[BiO BB] Substitution matrices vs HMM

Iddo idoerg at burnham.org
Fri Oct 29 14:37:50 EDT 2004

Goel, Manisha wrote:

> Hi All,
> I was trying to develop an algorithm for describing/predicting a 
> pattern (e.g. transmembrane region, signal peptide etc) in protein 
> sequences.
> I want to derive this pattern from the multiple sequence alignments.
> But I was wondering if I should use substitution matrices or HMMs to 
> describe/represent these patterns.
> Are there any definite advantages of using one over the other ? Does 
> the choice depend on what I am trying to define ?
> Can somebody please direct me to relevant literature or suggest 
> something from personal experience ?
> Thanks in advance,
> Manisha Goel

Judging by the wording of your question, you should read up a bit more 
on sequence analysis before you go and try this. Substitution matrices 
are NxN matrices describing the probability of substitution of one 
alphabet letter by another (in the case of proteins, each letter 
normally represents an amino acid, hence N=20). They are not a tool for 
pattern detection, they are used for sequence alignment.

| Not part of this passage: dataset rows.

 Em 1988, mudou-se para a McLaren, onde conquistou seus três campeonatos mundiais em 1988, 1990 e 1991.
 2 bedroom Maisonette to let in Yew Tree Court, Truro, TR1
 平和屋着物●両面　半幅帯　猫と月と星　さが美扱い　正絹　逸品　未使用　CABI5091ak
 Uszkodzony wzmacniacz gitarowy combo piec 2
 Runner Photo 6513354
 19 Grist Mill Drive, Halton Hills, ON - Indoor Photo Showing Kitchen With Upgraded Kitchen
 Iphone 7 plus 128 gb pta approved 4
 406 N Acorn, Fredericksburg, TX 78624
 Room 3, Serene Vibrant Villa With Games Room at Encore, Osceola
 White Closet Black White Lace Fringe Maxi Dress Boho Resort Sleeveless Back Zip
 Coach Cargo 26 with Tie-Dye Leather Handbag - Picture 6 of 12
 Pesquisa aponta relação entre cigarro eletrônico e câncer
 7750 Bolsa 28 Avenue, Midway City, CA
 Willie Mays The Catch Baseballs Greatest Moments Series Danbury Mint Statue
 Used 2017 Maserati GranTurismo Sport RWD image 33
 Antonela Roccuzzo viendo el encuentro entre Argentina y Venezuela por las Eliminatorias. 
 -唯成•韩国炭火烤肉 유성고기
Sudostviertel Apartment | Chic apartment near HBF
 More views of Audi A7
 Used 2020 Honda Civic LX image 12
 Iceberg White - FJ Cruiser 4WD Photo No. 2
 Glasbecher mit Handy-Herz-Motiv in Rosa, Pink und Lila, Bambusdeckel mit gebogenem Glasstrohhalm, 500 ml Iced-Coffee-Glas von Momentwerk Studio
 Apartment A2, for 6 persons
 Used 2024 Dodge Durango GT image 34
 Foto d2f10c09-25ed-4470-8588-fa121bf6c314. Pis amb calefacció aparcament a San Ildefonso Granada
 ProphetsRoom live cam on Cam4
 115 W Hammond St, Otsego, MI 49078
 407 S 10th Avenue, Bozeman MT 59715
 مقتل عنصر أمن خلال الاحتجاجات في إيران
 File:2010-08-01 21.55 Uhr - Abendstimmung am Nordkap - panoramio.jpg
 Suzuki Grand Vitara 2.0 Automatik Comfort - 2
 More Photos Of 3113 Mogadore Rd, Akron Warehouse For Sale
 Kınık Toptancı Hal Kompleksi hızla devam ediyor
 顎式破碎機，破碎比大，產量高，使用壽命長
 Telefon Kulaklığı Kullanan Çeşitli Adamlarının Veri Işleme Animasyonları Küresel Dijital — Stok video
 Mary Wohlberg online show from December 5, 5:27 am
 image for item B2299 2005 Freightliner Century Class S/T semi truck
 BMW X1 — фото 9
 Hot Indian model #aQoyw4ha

You may want to think of positional specific score matrices (PSSMs). 
Those are LxN sized matrices generated from multiple alignments. Where L 
is the length of the protein (or the part of the protein you wish to 
investigate), and N is the number of letters in your alphabet (again, 
with proteins N=20, usually). Each entry in the matrix is the 
probability of the amino acid appearing in that particular position in a 
multiple alignment. So given a set of known good multiple alignements, 
you can generate a PSSM for those. From the PSSM you can generate a 
*profile*, which is the same LxN size matrix, with each cell being some 
sort of transformation of the raw value in the PSSM. (I'm being a bit 
superficial here). You can then use the profile to fish out new sequence 
from a database of sequences, or from a database of profiles.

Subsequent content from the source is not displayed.